As Nigeria is aiming to excel in the ongoing 2018 FIFA World Cup tournament in Russia, the country is already in the race to win the undesirable Obesity World Cup.
According to a World Cup Scorecard on Obesity conducted among the 32 countries participating in the World Cup finals, Nigeria ranks among countries with lower obesity prevalence but has the highest rates of growth in overweight and obese adults.
Although the Scorecard shows that obesity is increasing among children in these countries, it showed that in 2016, the proportion of children aged 5-9 with excess bodyweight (BMI >+1sd) in 2016 was 9 per cent while 29 per cent of Nigeran adults were obese or overweight. Nigeria also ranked 150 out of 195 globally in 2016.
The Scorecard, entitled: Keeping The Score - The Global Obesity & The World Cup, shows that the obesity world cup is a world cup no country wants to win even as it is observed that Nigeria is having a 6 per cent steady growth over the last 10 years.
The Scorecard, conducted with data from the World Health Organisation, WHO, however, showed how the 32 finalists are facing an even bigger challenge than the top title in football - the obesity crisis.
Further, the Scorecard showed that although Nigeria is ranked towards the bottom, obesity is recognised as the next epidemiological burden that the country is bound to face, in the face of prevailing infectious diseases like malaria, HIV, and TB.
Data from the 2016 Nigerian Report Card on Physical Activity for Children and Youth shows rising obesity and overweight prevalence among Nigerian children. It shows 12 per cent of Nigerian children are obese and overweight.
Also, the number of obese children and adolescents aged five to 19 years worldwide rose 10-fold in the past four decades, a UN-backed study revealed recently.
The World Health Organisation, WHO said in the study that if current trends continued, there would be more obese children and adolescents than those moderately or severely underweight by 2022. The study led by Imperial College London and WHO was published in The Lancet.
According to the Scorecard, obesity is now a global epidemic, with rates rising across the world, including every one of the 32 World Cup finalists.
In the Scorecard, Saudi Arabia secured the unwanted title of being the country in the tournament with the highest rate of overweight and obesity.
According to latest data from the WHO, 70 per cent of adults in Saudi Arabia are overweight or obese, more than double that of the lowest ranking World Cup country, Japan.
England has the highest obesity score of the European countries and comes in fourth overall with a staggering 63 per cent of adults registering as overweight or obese.
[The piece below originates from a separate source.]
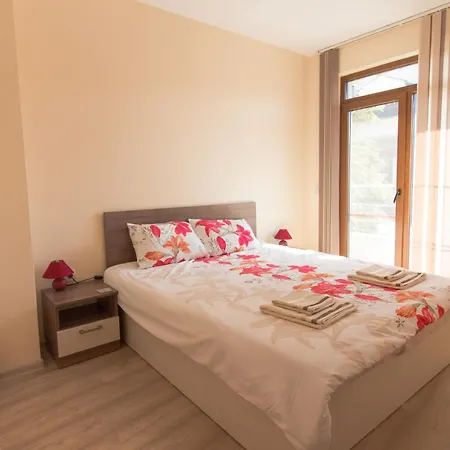 Domus Old Town Apartment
Australia (third) and Mexico (second) highlight that obesity has run rampant across the world and urgently needs action.
The Scorecard, however, noted that governments have the tools to tackle obesity which is recognised as the gateway disease to cancer, heart disease and diabetes.
Obesity describes someone who is very overweight with a high degree of body fat. Being a little overweight may not cause many noticeable problems, but once you are carrying a few extra kilograms, you may develop symptoms that affect your daily life.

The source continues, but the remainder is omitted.